TASK DATA
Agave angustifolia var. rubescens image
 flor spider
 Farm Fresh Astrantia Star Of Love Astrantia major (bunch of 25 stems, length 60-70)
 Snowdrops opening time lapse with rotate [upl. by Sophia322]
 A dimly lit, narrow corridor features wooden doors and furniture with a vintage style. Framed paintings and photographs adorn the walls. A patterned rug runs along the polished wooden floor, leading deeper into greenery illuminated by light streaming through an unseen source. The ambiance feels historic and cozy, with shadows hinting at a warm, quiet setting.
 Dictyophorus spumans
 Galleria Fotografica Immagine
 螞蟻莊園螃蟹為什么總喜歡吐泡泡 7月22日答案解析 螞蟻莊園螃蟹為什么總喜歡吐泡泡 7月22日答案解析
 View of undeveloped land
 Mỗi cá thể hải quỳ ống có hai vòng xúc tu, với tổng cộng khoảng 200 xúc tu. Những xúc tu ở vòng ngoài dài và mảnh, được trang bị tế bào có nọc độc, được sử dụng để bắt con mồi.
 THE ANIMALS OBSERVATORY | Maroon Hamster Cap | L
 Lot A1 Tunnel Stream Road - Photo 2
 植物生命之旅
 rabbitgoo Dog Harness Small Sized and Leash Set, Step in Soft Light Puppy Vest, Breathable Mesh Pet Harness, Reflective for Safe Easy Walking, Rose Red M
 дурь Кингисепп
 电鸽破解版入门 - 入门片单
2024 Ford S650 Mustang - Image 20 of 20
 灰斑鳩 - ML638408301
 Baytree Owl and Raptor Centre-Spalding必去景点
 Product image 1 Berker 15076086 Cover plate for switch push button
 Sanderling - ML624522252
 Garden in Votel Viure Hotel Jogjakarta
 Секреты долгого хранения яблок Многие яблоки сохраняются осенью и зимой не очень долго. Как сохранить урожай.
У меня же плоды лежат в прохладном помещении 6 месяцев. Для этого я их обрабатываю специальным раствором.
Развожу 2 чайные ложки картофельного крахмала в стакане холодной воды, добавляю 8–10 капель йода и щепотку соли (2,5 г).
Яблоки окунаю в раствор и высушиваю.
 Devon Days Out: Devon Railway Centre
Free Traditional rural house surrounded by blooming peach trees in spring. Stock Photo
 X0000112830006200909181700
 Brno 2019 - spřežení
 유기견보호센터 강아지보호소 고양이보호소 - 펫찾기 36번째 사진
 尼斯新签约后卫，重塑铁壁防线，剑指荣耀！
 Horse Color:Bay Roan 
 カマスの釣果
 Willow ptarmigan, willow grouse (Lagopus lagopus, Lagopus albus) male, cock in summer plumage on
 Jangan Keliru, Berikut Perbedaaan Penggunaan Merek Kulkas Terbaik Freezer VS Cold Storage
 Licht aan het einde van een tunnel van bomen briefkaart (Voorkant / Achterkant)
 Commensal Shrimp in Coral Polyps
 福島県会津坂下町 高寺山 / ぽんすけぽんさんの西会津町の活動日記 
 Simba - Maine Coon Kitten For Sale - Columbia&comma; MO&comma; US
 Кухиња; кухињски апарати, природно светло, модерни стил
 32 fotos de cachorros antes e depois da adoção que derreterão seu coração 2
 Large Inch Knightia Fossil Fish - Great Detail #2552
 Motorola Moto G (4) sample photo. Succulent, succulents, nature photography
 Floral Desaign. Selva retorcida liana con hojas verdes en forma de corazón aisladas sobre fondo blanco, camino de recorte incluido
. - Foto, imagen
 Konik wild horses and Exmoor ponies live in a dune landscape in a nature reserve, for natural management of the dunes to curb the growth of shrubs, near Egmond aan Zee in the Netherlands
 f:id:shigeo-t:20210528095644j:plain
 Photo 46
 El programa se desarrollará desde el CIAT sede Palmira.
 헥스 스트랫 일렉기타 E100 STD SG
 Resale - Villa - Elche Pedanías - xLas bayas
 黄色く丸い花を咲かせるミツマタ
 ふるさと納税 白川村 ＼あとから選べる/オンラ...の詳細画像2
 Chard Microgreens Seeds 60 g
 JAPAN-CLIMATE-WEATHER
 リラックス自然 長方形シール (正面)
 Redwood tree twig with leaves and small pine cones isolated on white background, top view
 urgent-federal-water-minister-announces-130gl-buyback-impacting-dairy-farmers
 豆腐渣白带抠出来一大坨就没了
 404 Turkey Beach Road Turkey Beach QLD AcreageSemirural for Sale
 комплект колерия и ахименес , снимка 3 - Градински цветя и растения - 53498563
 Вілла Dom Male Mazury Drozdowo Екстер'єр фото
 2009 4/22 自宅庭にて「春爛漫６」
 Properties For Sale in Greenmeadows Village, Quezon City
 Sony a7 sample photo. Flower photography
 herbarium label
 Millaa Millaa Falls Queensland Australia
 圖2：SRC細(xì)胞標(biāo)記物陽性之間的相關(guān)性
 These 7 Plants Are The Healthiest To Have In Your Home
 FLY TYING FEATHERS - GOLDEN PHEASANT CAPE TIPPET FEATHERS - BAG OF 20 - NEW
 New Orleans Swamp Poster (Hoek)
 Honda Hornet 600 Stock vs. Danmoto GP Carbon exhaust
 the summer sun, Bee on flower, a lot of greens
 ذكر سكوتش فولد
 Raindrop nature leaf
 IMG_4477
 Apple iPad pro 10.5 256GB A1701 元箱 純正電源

PROBLEM STATEMENT
Starting with the line with "尼斯新签约后卫，重塑铁壁防线，剑指荣耀！" above and going on through the line with "Motorola Moto G", transcribe every line exactly, both ends included, and add nothing.

RESULT FOR THIS EXERCISE
 尼斯新签约后卫，重塑铁壁防线，剑指荣耀！
 Horse Color:Bay Roan 
 カマスの釣果
 Willow ptarmigan, willow grouse (Lagopus lagopus, Lagopus albus) male, cock in summer plumage on
 Jangan Keliru, Berikut Perbedaaan Penggunaan Merek Kulkas Terbaik Freezer VS Cold Storage
 Licht aan het einde van een tunnel van bomen briefkaart (Voorkant / Achterkant)
 Commensal Shrimp in Coral Polyps
 福島県会津坂下町 高寺山 / ぽんすけぽんさんの西会津町の活動日記 
 Simba - Maine Coon Kitten For Sale - Columbia&comma; MO&comma; US
 Кухиња; кухињски апарати, природно светло, модерни стил
 32 fotos de cachorros antes e depois da adoção que derreterão seu coração 2
 Large Inch Knightia Fossil Fish - Great Detail #2552
 Motorola Moto G (4) sample photo. Succulent, succulents, nature photography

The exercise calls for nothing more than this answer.